Le comte de Clermont demanda vingt hommes de bonne volonté et un officier pour les mener.
Les vingt hommes arrivèrent, conduits par un cornette.
Le général jeta sur ce cornette un regard de surprise.
—Il y a sans doute erreur, murmura-t-il avec embarras.
Tony souriait et feignait de friser sa moustache absente.
—C'est probablement mon air de demoiselle qui vous épouvante, mon général? demanda-t-il gaillardement.
Le comte se mit à rire.
—Il est certain, dit-il, que je ne m'attendais guère à voir ces vieilles moustaches grises triées sur le volet, conduites par un enfant. Car enfin vous me semblez bien jeune, monsieur l'officier? Quel âge avez-vous?

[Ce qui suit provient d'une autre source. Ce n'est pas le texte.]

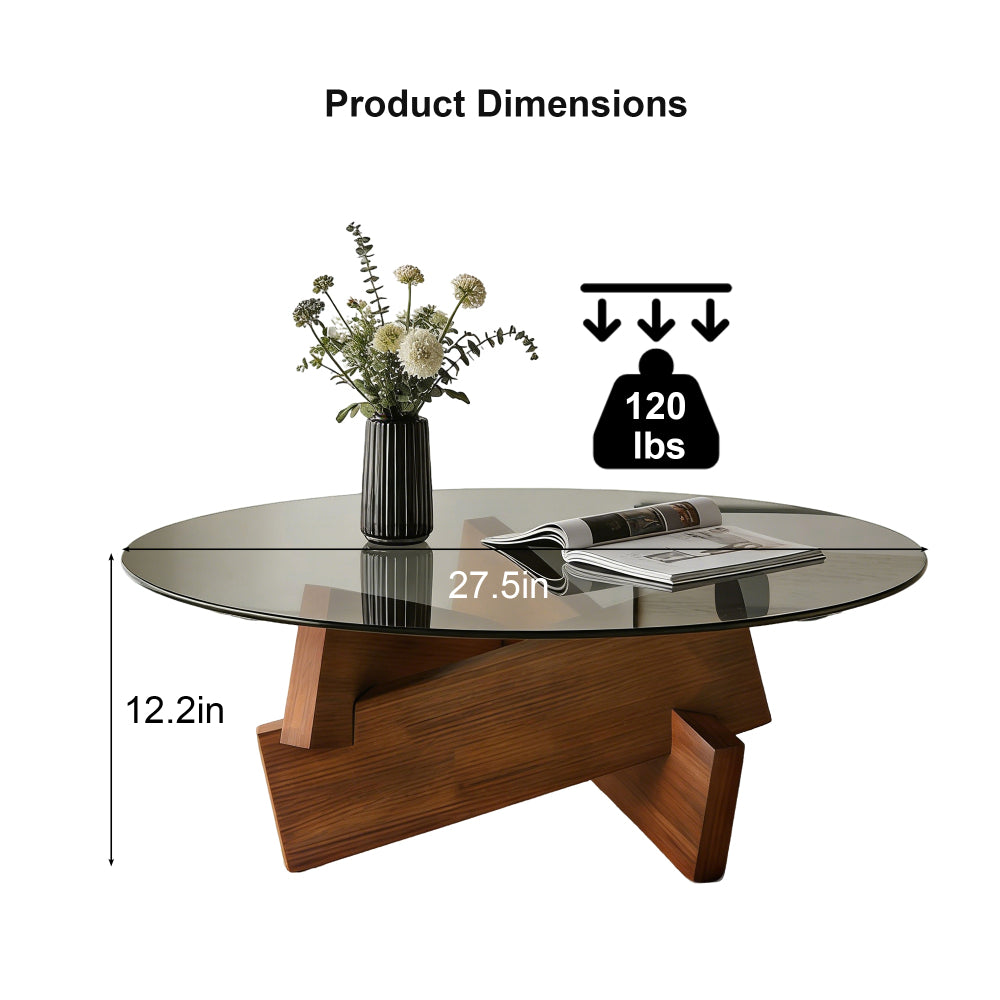 Round Coffee Table with Tempered Glass Top – Walnut Frame Modern Center Table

—J'aurai bientôt dix-huit ans, mon général.
—Dix-huit ans! Vraiment je n'ose vous dire...
—Osez, osez, mon général, fit, avec une fatuité adorable, le jeune homme. J'ai l'air d'un enfant, je le sais, mais si vous vouliez demander au marquis de Langevin, mon ancien colonel, et au maréchal de Saxe, qui m'a lui-même donné mon grade au burg du margrave...
—Quoi, c'est vous?... Ah! corbleu, mon jeune ami, laissez-moi vous féliciter et vous expliquer aussi ce que j'attends de vous et de vos hommes, car l'heure presse...
—Mon général, je suis venu pour cela.
—Il s'agit, reprit le général, d'arriver jusqu'à la brèche sans être vus...
—Nous y arriverons, mon général.
—D'entrer dans la place.
—Nous y entrerons.
—D'explorer les environs aussi loin que possible.
—Nous les explorerons.
—Et de ne pas se faire tuer.
—Ah! par ma foi, mon général, vous en demandez trop, s'écria Tony en riant. Au fait, tenez, eh bien, je vous le promets, on ne nous tuera pas.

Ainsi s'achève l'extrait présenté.